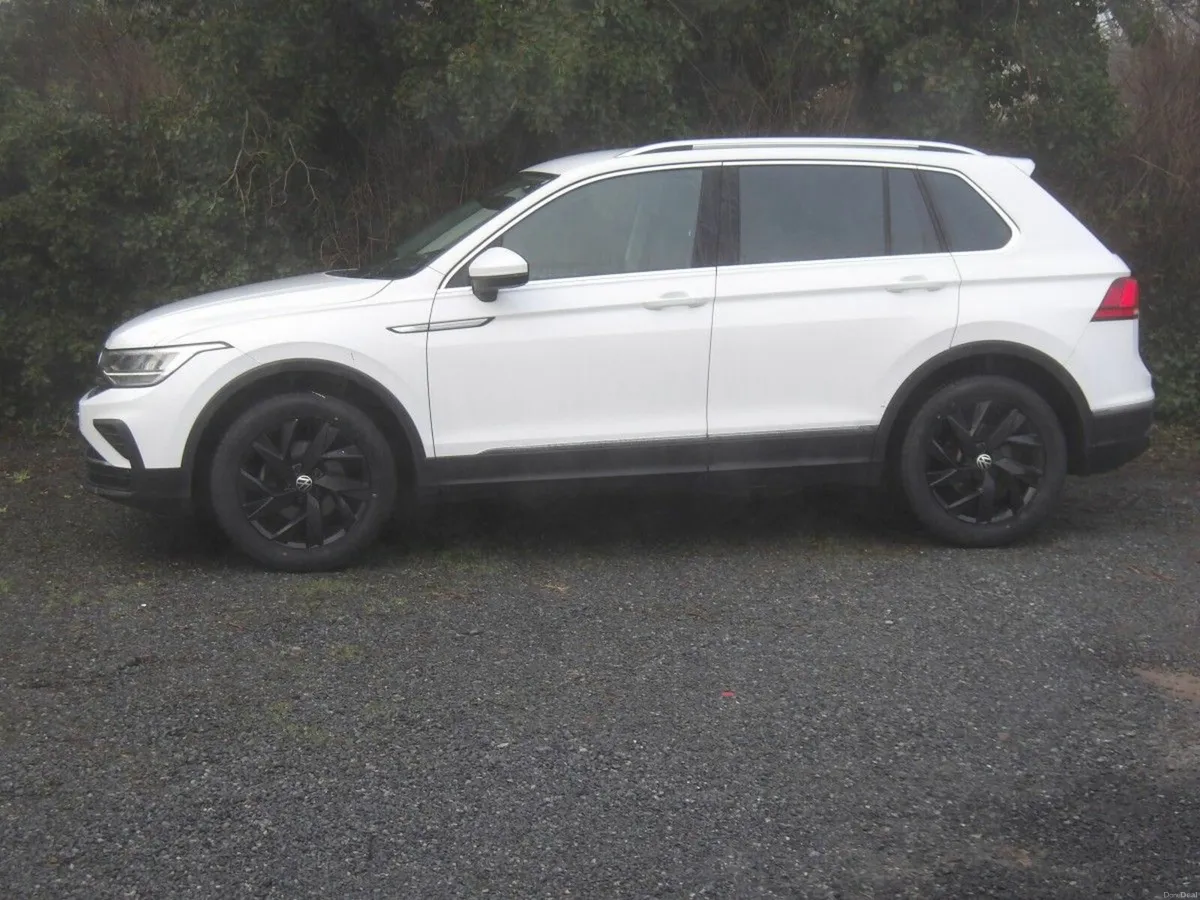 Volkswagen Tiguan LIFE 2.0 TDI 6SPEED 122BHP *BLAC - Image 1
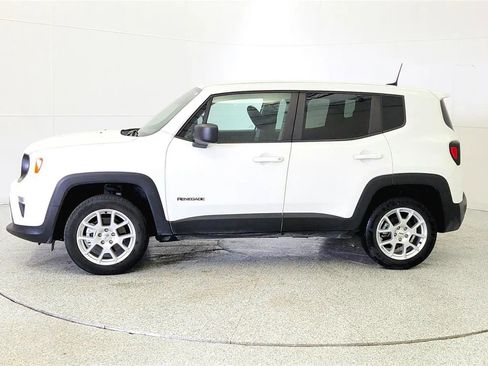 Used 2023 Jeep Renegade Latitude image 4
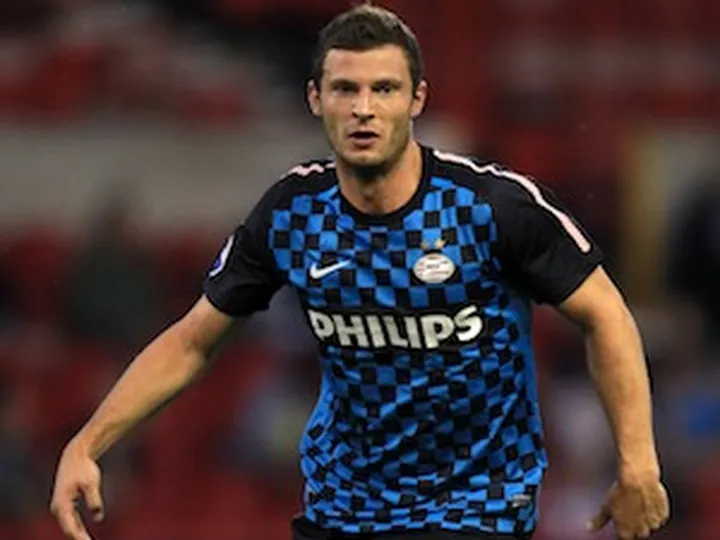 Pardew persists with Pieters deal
☆ ☆ ☆ ☆ ☆ ☆ ☆
__REQUIRED WORK__. Write the listing above out again exactly, dropping each image.

__SOLVED PROBLEM__.
 Volkswagen Tiguan LIFE 2.0 TDI 6SPEED 122BHP *BLAC - Image 1
 Used 2023 Jeep Renegade Latitude image 4
 Pardew persists with Pieters deal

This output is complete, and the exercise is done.